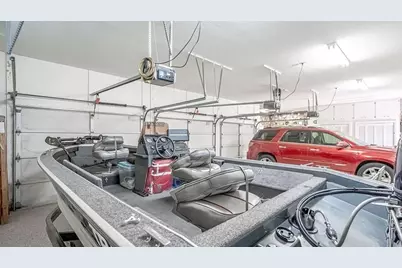 5202 Comanche Vista Trail, Granbury, TX 76049 - Photo 32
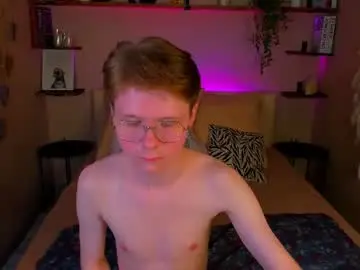 Chaturbate Adult Video Chat of daniel_sanders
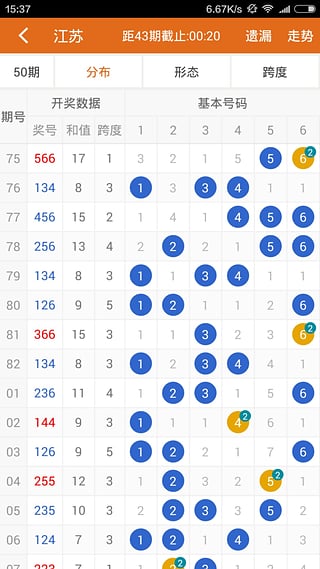 澳门最快开奖，探索322377acom的神秘世界，澳门开奖速递，探索神秘网站322377acom的奥秘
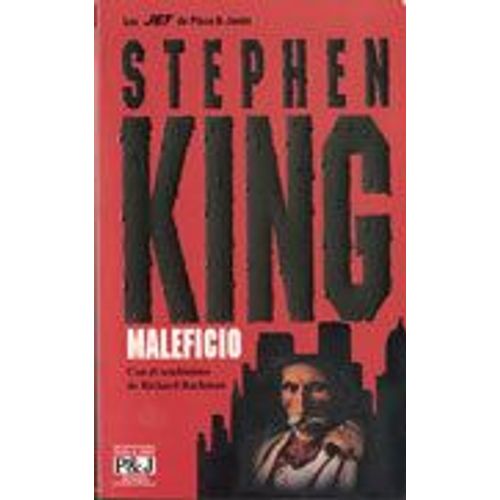 Maleficio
■ ■ ■ ■ ■ ■ ■
## [Your assignment]
Omit all images when repeating the data above exactly.

## [Solution]
 5202 Comanche Vista Trail, Granbury, TX 76049 - Photo 32
 Chaturbate Adult Video Chat of daniel_sanders
 澳门最快开奖，探索322377acom的神秘世界，澳门开奖速递，探索神秘网站322377acom的奥秘
 Maleficio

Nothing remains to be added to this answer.